Katherine Mansfield (1888-1923) was born in Wellington, New Zealand. She persuaded her father, a banker and industrialist, to send her to London in 1903 to study the cello. With a small allowance from her family, she decided to become a writer instead of a musician after meeting such literary people as D.H. Lawrence and Virginia Woolf. Her first book of short stories, In a German Pension, was published in 1911. In the same year she met the literary critic and journalist John Middleton Murry, who became her husband in 1918.
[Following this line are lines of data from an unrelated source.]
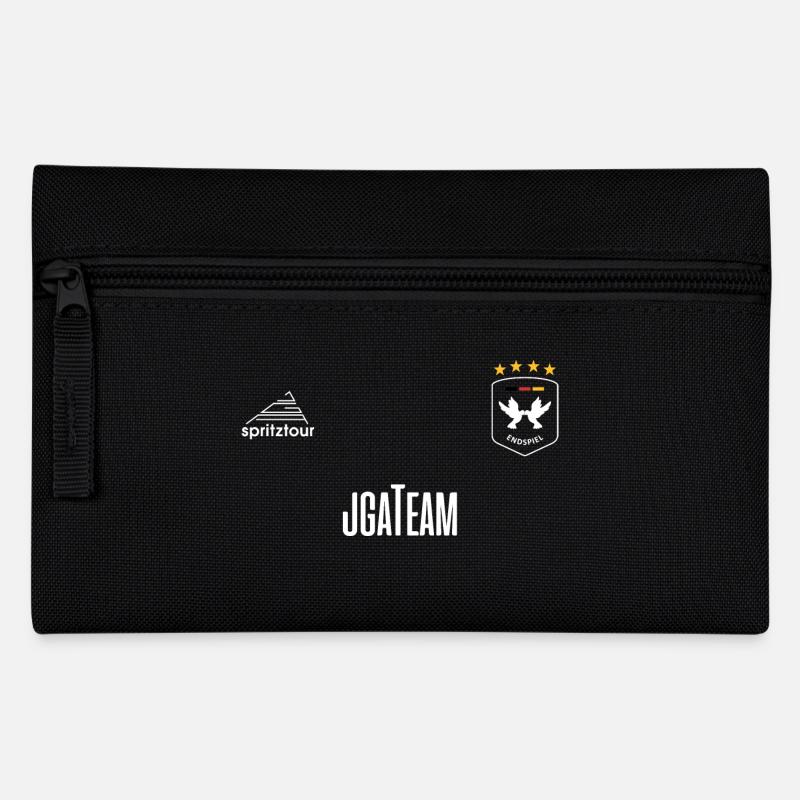 JGA - Trikot - JGA TEAM - Weiße Schrift - Federtasche - Schwarz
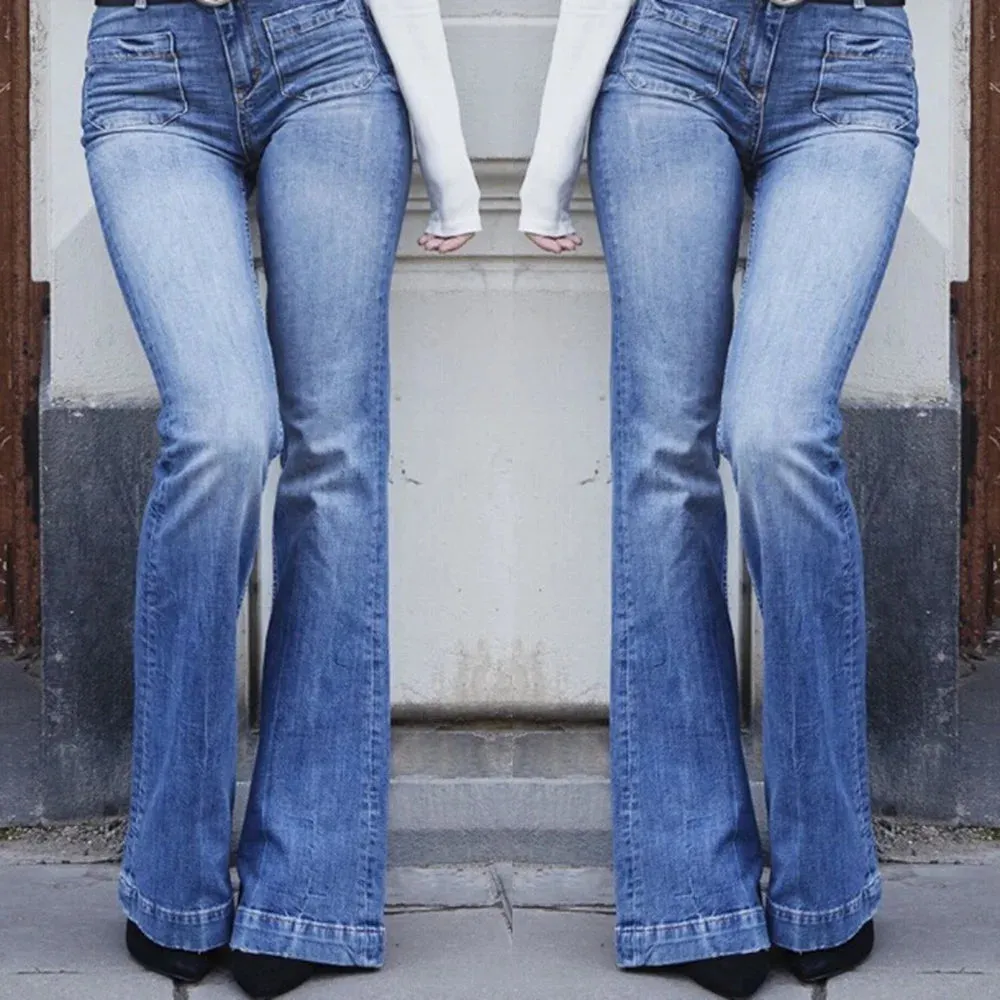 Funki Buys | Pants | Women's High Waist Bootcut Flared Jeans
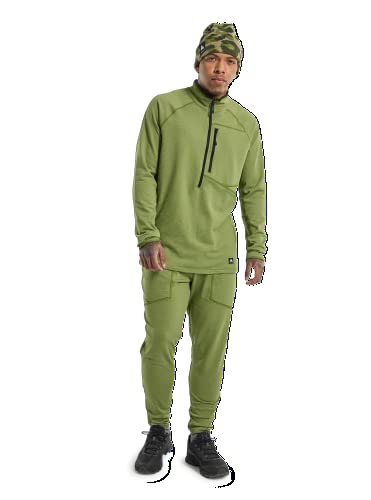 Image of Burton Men's Men's Stockrun Grid Half-zip Fleece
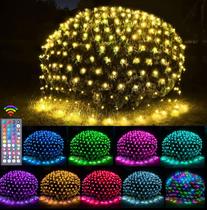 Luzes de rede de Natal OYCBUZO 204 LED que mudam de cor 3x3m Luzes de rede de Natal OYCBUZO 204 LED que mudam de cor 3x3m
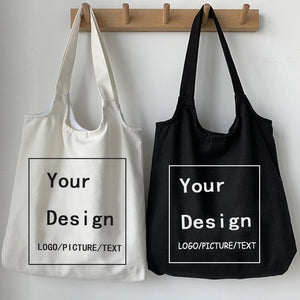 Canvas Tote Bag Foldable Unisex Shopper Bag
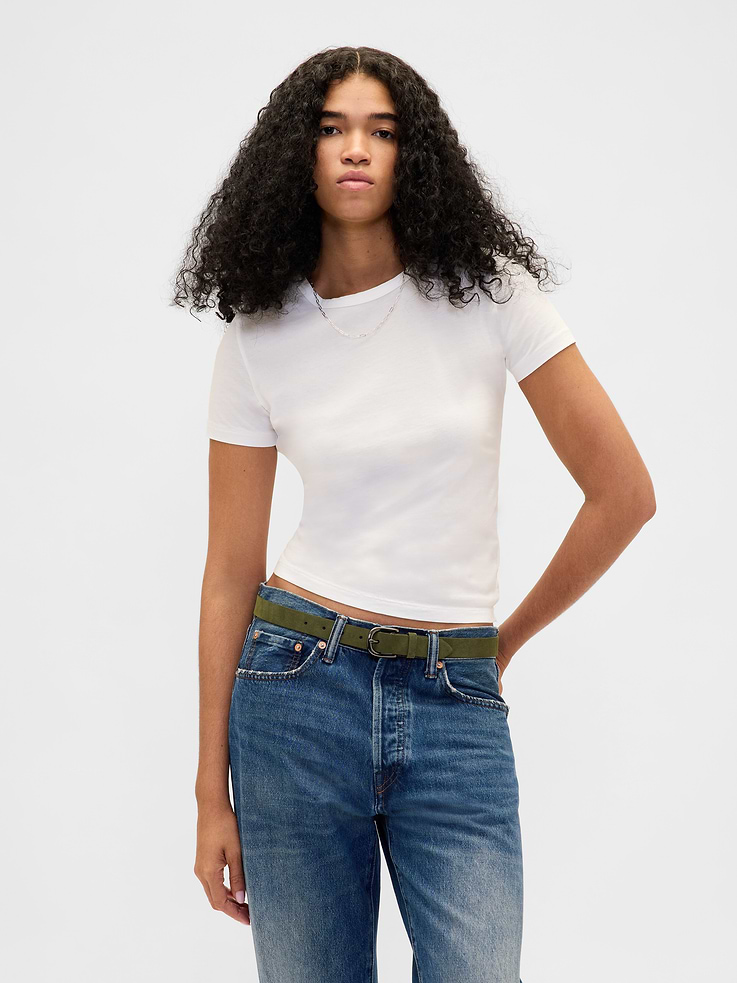 Image number 2 showing, Suede Belt
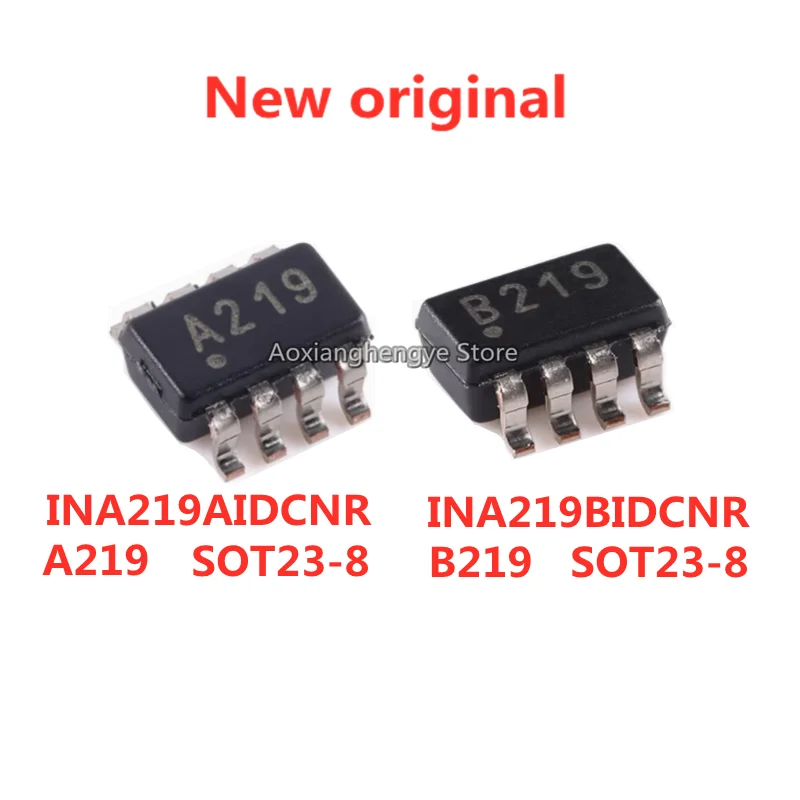 10PCS INA219AIDCNR INA219BIDCNR A219 B219 SOT23-8 INA219 26V I2C Output digital power monitor Voltage monitoring chip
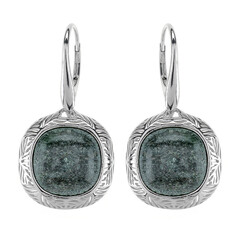 Pendientes en plata con Fuchsita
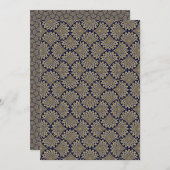 Invitation Imprimable Nous Vous Regardons Déco Scrapbook Papi (Devant / Derrière)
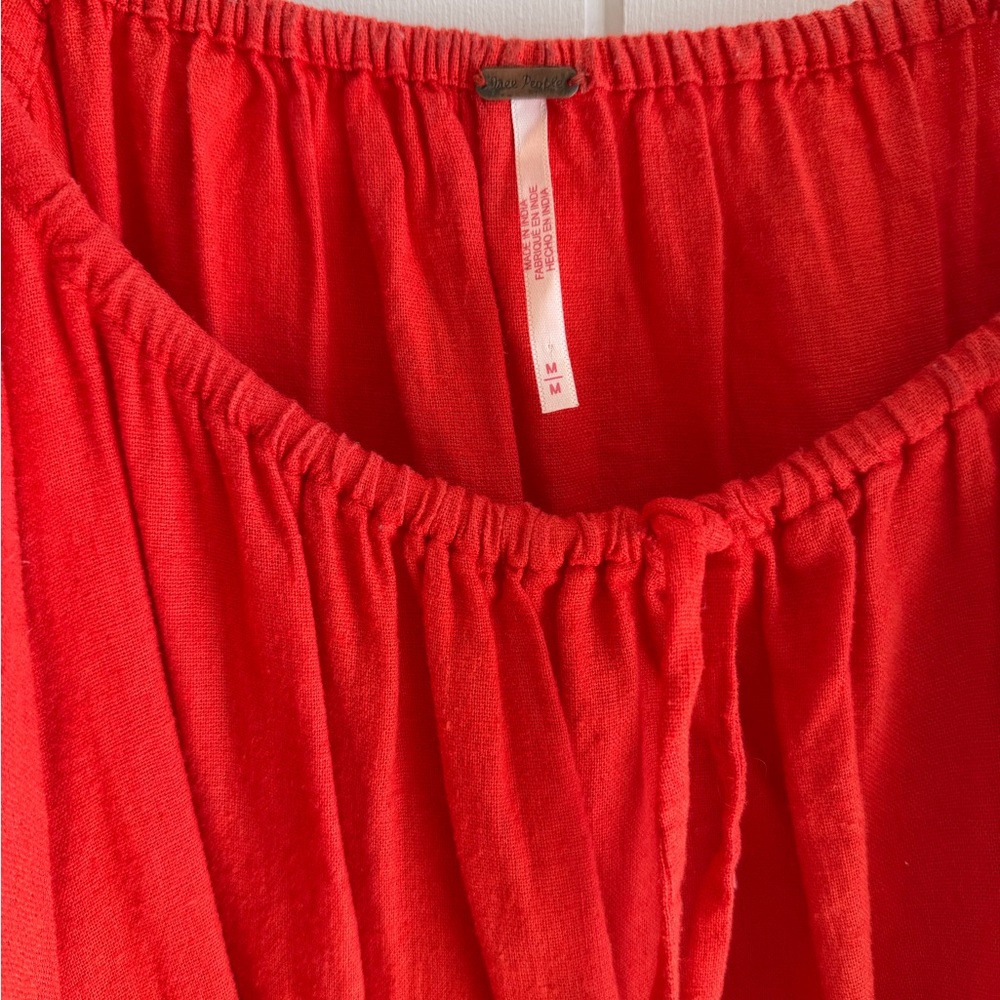 Free People Vibrant Red Mini Dress - Picture 4 of 5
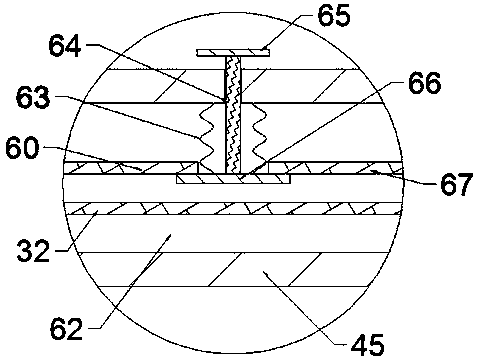 Scrap iron collecting device for machine tool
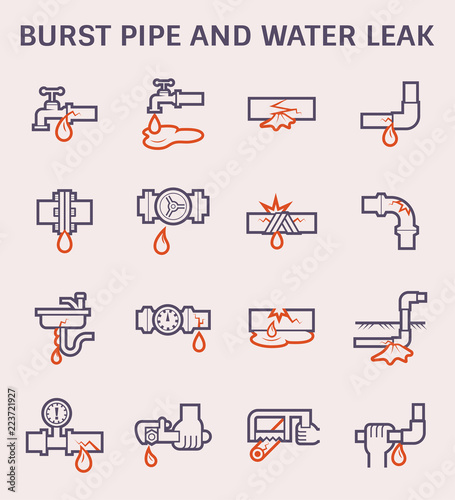 burst pipe icon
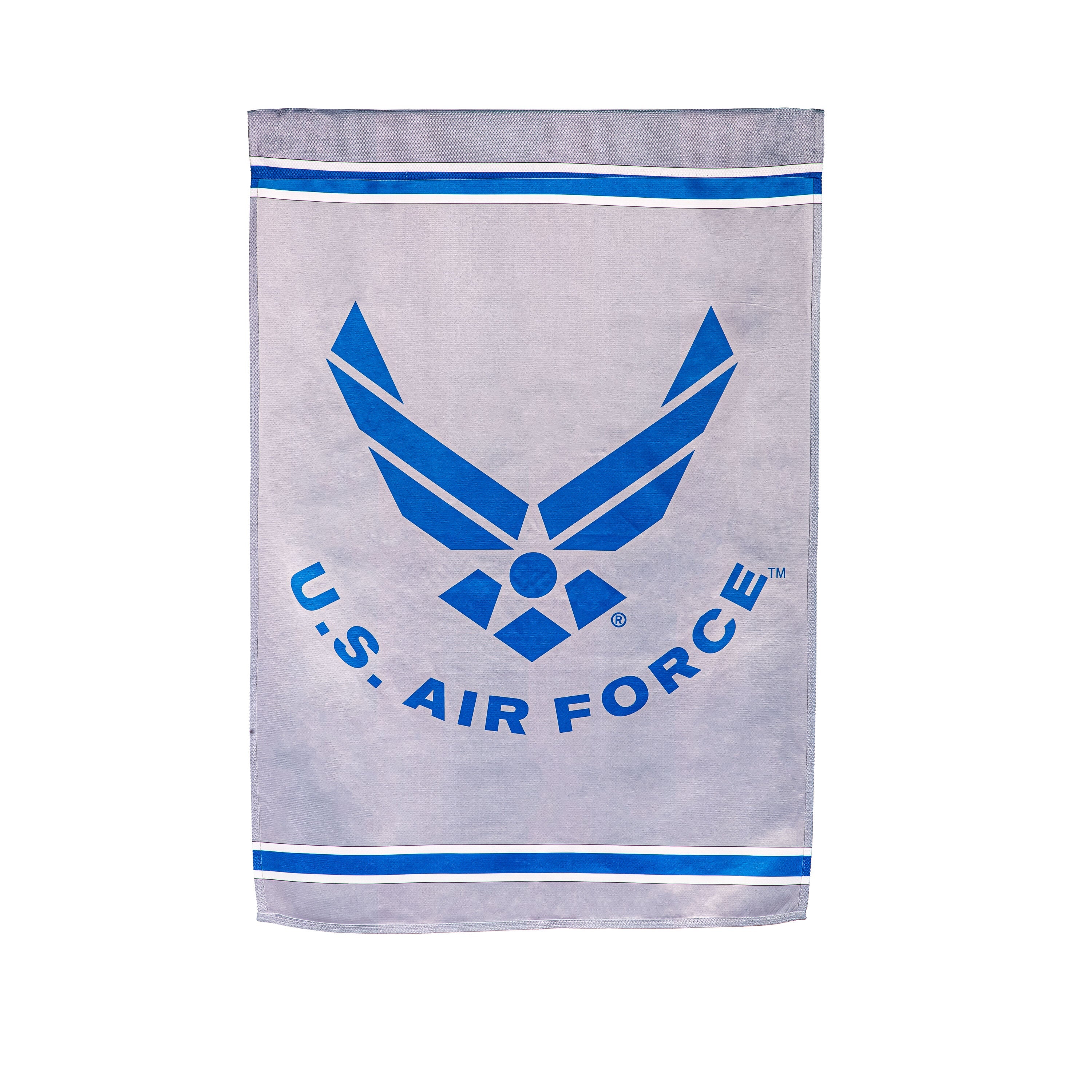 Embossed Suede Flag, House Size, Air Force - Sports Gifts, Sports Memorabilia, Sports Collectibles, Fan Shop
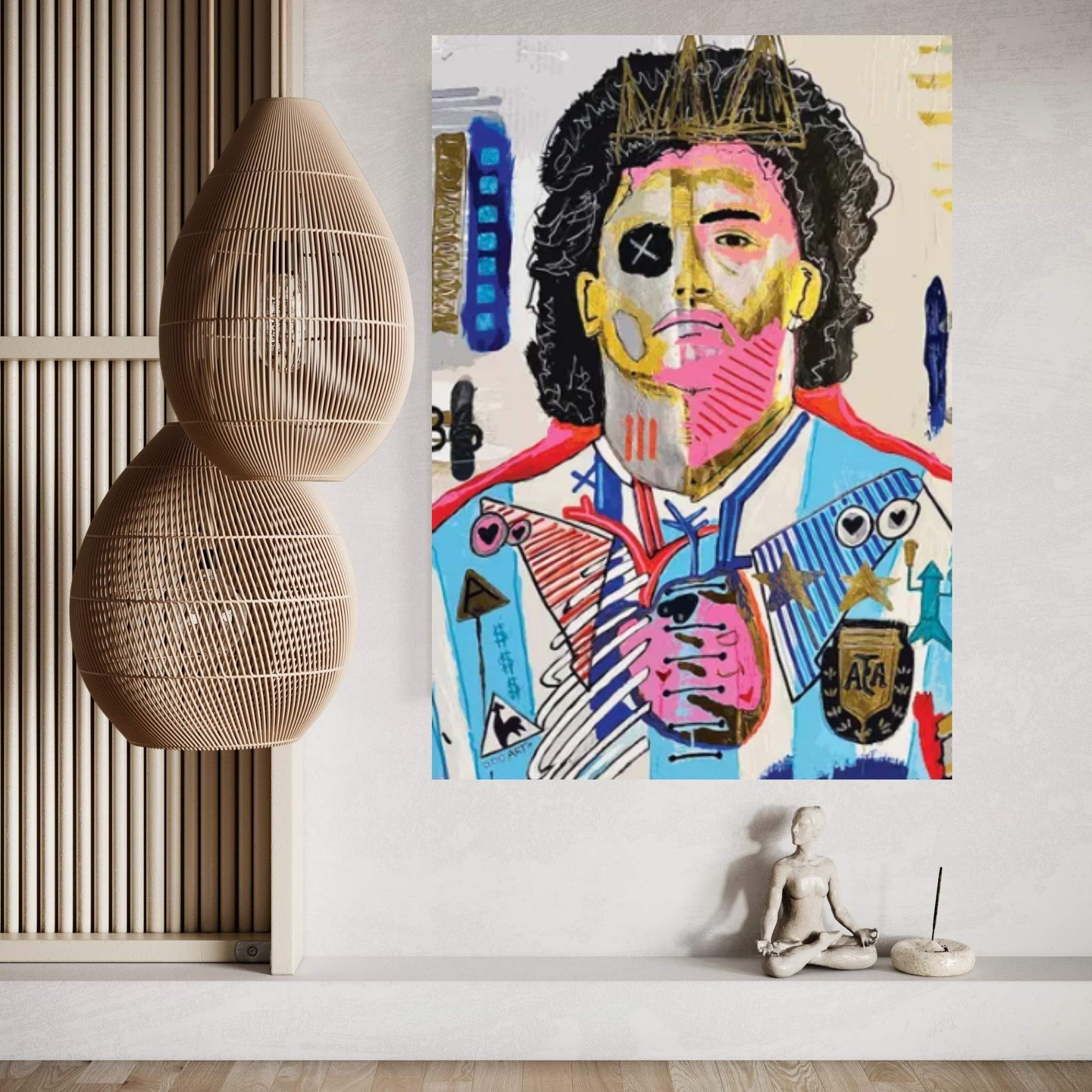 D10S NewsPaper Canvas Wall Art - Y Canvas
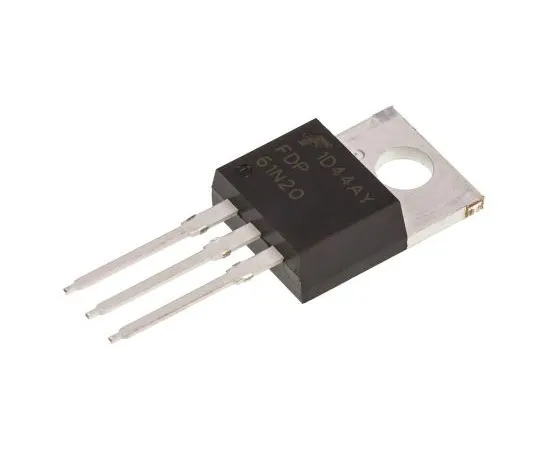 63-7670-14　FDP61N20 N-Channel MOSFET, 61 A, 200 V UniFET, 3-Pin TO-220AB ON Semiconductor　FDP61N20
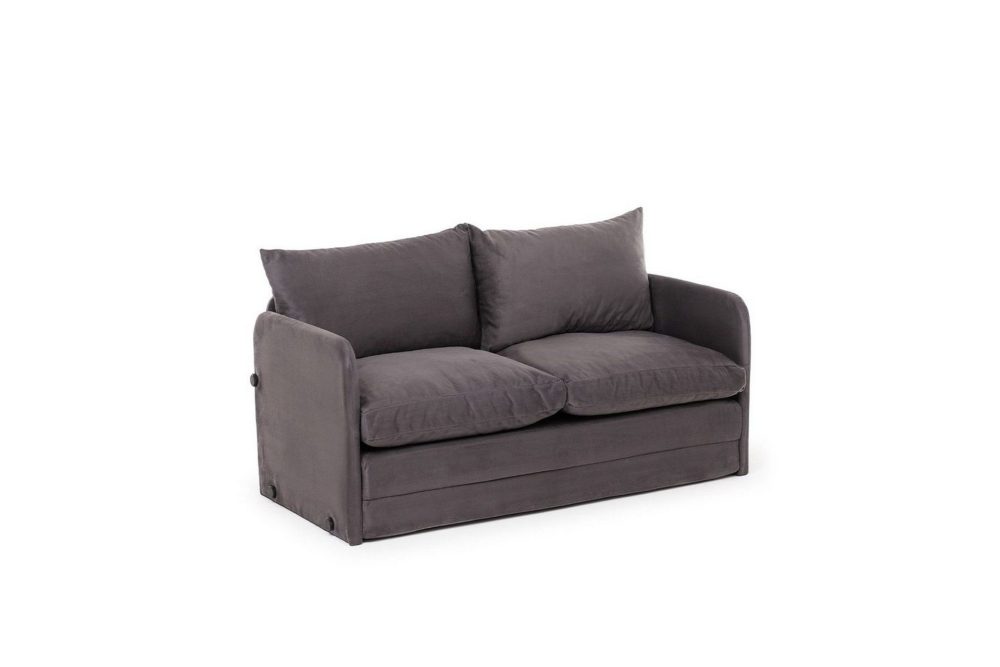 2-sits bäddsoffa Rubby (128 x 70 x 66 cm) Grå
She became stricken with tuberculosis in 1918 and she found it difficult to continue her work. In her posthumously published Journal (1927) she writes: “Look at the stories that wait just at the threshold. Why don’t I let them in? And their place would be taken by others who are lurking beyond just there—waiting for the chance.” She sought a cure for her illness at the Gurdjieff Institute in France, an establishment run by the mystic Georges Ivanovitch Gurdjieff, whose methods of combined spiritual and physical healing. Katherine died there a few months later after her thirty-fourth birthday.
So sad, to die so young. 88 of her stories have been published and they have had a great influence on the development of the literary form. She simplified plot to intensify the emotional impact, dramatized small events to reveal the larger significance in the lives of people. Katherine developed her own technique of prose narration. She presented a psychological moment when a character’s life is illuminated in an unforgettable manner. “Bliss“, in which she depicts the secret and passionate lives of individuals flowing treacherously beneath the seemingly smooth and harmonious surface of a marriage, shows the purity of her style.